>>>>>

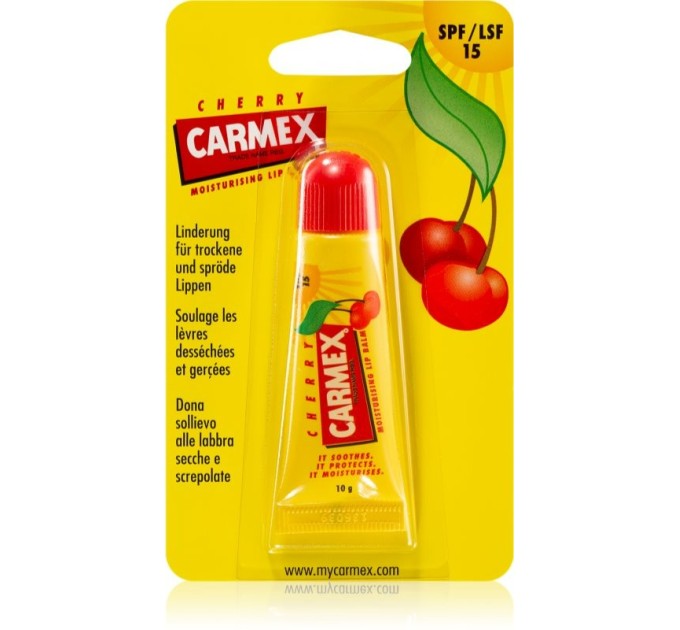 Бальзам для губ Carmex Lip Balm вишня - короткий H1 заголовок.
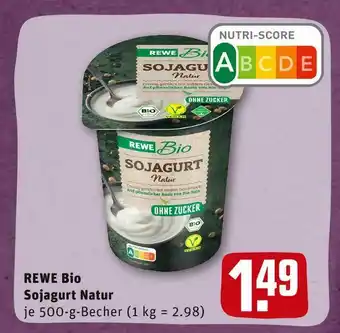 REWE Rewe bio sojagurt natur Angebot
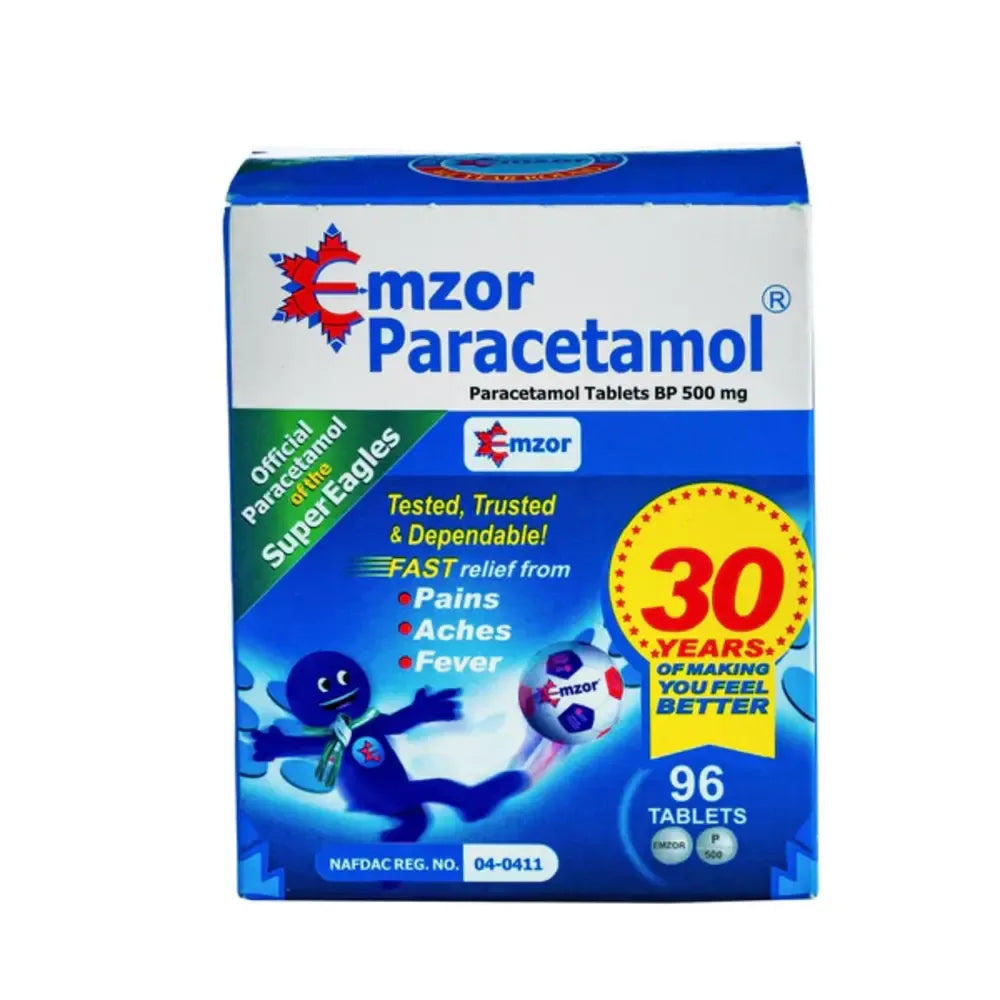 Emzor paracetamol Tab 500mg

<<<<<

From the line containing "REWE Rewe bio sojagurt natur Angebot" down to the end of the data above, reproduce each line exactly; no pictures.

Exercise response
 REWE Rewe bio sojagurt natur Angebot
 Emzor paracetamol Tab 500mg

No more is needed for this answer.